Ⅰ.6. 予言
メイナードを無視して、アレンは久しぶりにホクホクとした気持ちと、足取りで、職員室に向かう。
ラッツと、さきほど仲良くなった数人もついてきてくれた。
学園祭の飾りがアレンを祝福するかのように煌めいてみえる。グラウンドから数分で職員室につくと、すぐにラアス先生の机に、アランだけ呼ばれる。

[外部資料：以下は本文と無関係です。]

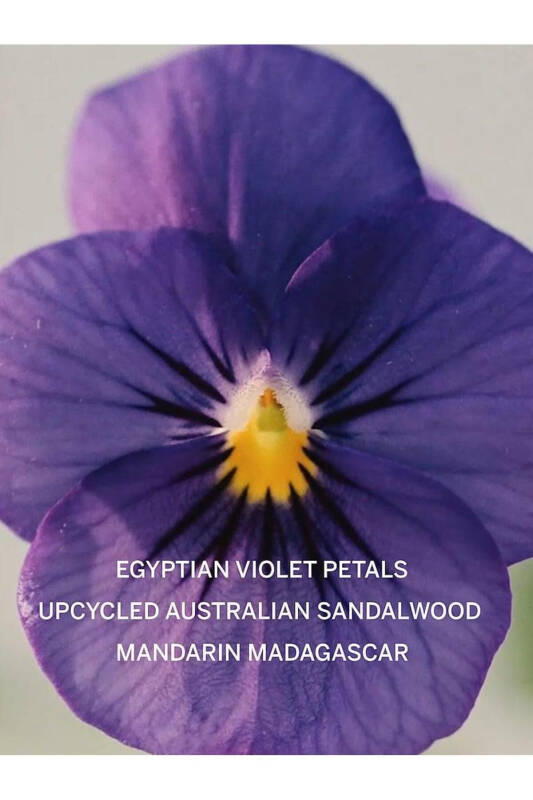 Bare Eau de Parfum-STD - 3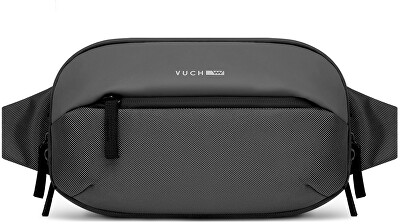 Vuch - Ledvinka Marcyas Grey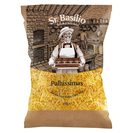 SR.BASÍLIO Batata Frita Palha Finíssima 180 g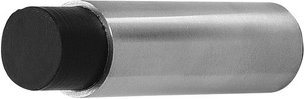 Intersteel Türstopper, D.22x80 mm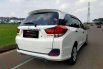 Banten, Honda Mobilio S 2017 kondisi terawat 6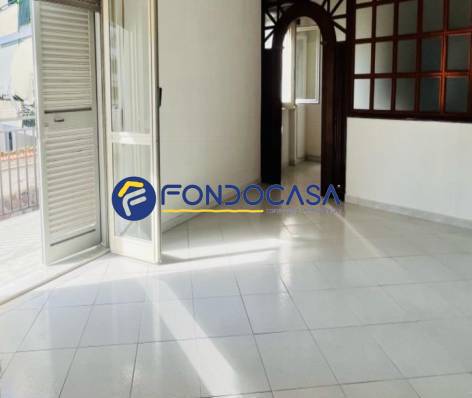 Appartamento in vendita a Giugliano in Campania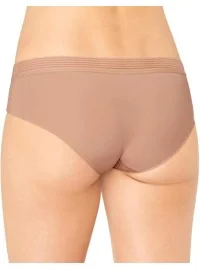 Triumph Infinite Sensation Hipster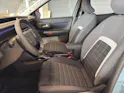 Citroën C3 1.2 Hybrid Tonic Automat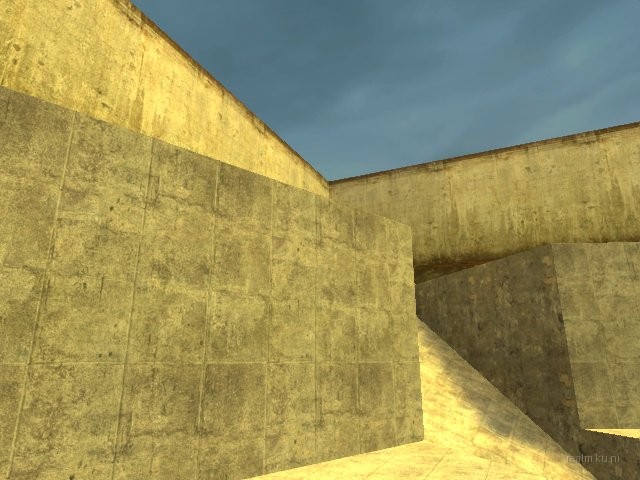 fragu thumb 17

「はいこれ!さっきのシールドの上位互換!硬甲だよ!能天級まで耐えられるんだ!あと何か緊急時に僕らが駆けつけられるように位置情報が分かる装置と、通信機もついてるよ!肌身離さずもっててね!」
ラアス先生は、まるでマルチ業者のらような勢いで、嬉しそうに、アレンへシールドを渡してきた。
「こんな高性能なもの、いいんですか?」
「いいのいいの!僕も同じの持ってるしさ!なにより通信するには僕だけ持ってても仕方ないでしょ?あげるよ!」
「ありがとうございます!大切にします!」
「うん!じゃあ次の授業遅れないようにね!」
「はい!ラアス先生、あのう」
ラッツに言われたことを思い出して、机に向いたラアス先生に問いかける。
「ユイ先生は」
「あ、ユイ先生かい?」
ラアス先生は、少し考え込んだあとに意を決して、回転する椅子ごと体をアレンに向けた。
「えーと、そうだな。君に隠してもしょうがないね」
「どうされたんですか」
嫌な予感が走る。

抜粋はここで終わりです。